When I woke in the morning I was completely refreshed. Even the great bulk of Arunachala seemed more friendly, and my delight knew no bounds when I emerged from the room and walked over to the Ashram, for here was something which might well have been the Ashram of one of the ancient sages. A pleasant stone temple in the middle of a shady compound was surrounded by thatched huts, and nowhere was the hand of modern civilisation to be seen. The trees waved, the birds sung and even old Arunachala seemed to smile in the morning sun.
Turnbull was led to the rear of the Ashram where three huts stood, each consisting of a single room. He continues:
One of these was to be mine while I stayed at the Ashram, and going inside I found a simple square room with a wooden bed standing on a tiled floor. Nearby was the dining room with kitchens attached. Orthodoxy again intervened; a partition down the centre of the dining hall divided Brahmins from non-Brahmins. I was taking coffee from a brass bowl when a message came that the Maharshi was in the main hall and would see me.
As I left the dining room and crossed the gravel yard towards the temple, knowing that the Maharshi spoke some English, I framed to myself the way in which I would greet the sage, and the questions I would ask. I was led through an immense stone doorway to the hall, and then left there alone. To one side a small area was railed off, and in this was a large stone couch with a bed in front on which lay the Maharshi. A brazier burned on a stand beside him, and from this a stream of incense smoke trailed up to the ceiling. Two attendants gently massaged the limbs of the old [sage], who still continued to look away from me.
I was about to take a step forward, when the Maharshi turned his head and looked at me with an expression which I have never seen before nor expect to see again. There can be no comparing of the degree of greatness of these spiritual giants, but the quality in all of them seemed different. Anandamayi, Sivananda, Krishnamurthy, Aurobindo, and now Maharshi.
Maharshi turned his grey head and gave a smile of greeting which was at the same time warm and empty. The warmth lay in its sincerity; the emptiness in the fact that the Maharshi was utterly detached from the world around him […]. His arm twitched with pain, but his expression remained unaltered, sublime. As soon as I could pull myself together, I turned tail and made my exit as quickly as possible without even so much as uttering one of the fine words I had prepared.

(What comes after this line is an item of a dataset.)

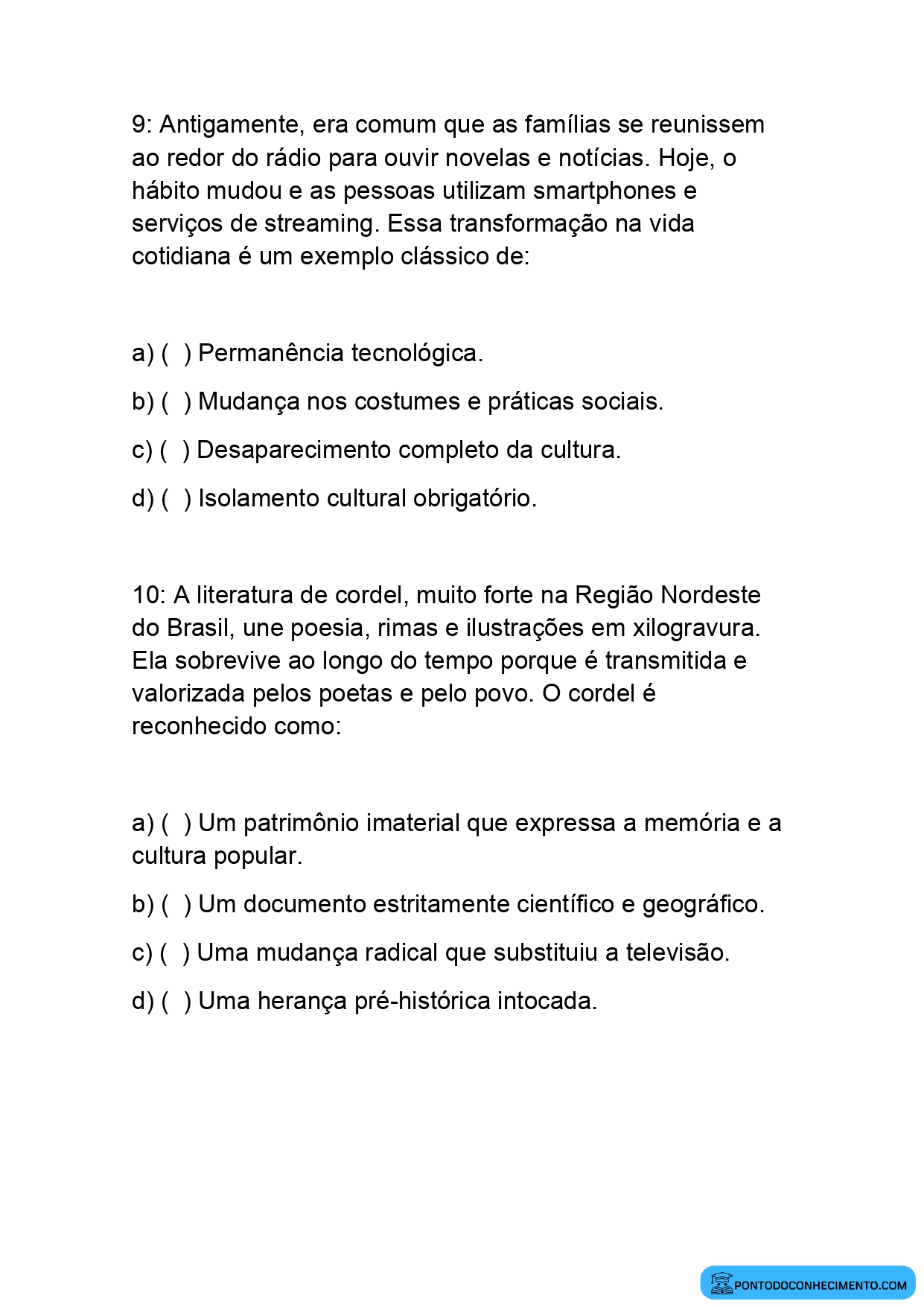 Questões Fechadas de História 5º Ano sobre Cultura e Transformações Sociais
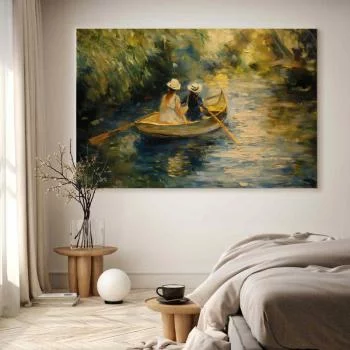 Obraz XXL - Przeprawa łódką - obraz dwóch kobiet płynących łódką na rzece - obrazek 7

Not long after this, the public were admitted into the hall, and this time Turnbull slipped in at the rear and sat down inconspicuously, leaning against one of the pillars. His account continues:
One side of the hall opened into the temple, and from there came the sound of priests chanting Vedic hymns. This continued to the end of the allotted hour when we were all ushered out. We had to remain outside until evening, when once again the doors were opened for an hour.
In the evenings the Maharshi was awake and would look around the hall or gaze outside through the open doors to the countryside beyond. He seldom looked at anyone directly and seldom spoke, and while he was awake his expression never changed.
Sri Ramanasramam seemed an ideal place for quiet meditation and it seemed to derive this atmosphere from the rugged hill behind and from the ancient temple, [and no doubt, from the Maharshi himself]. Those wishing to lead a life of contemplation came for this reason and also because they received strength and help from the presence of the Maharshi.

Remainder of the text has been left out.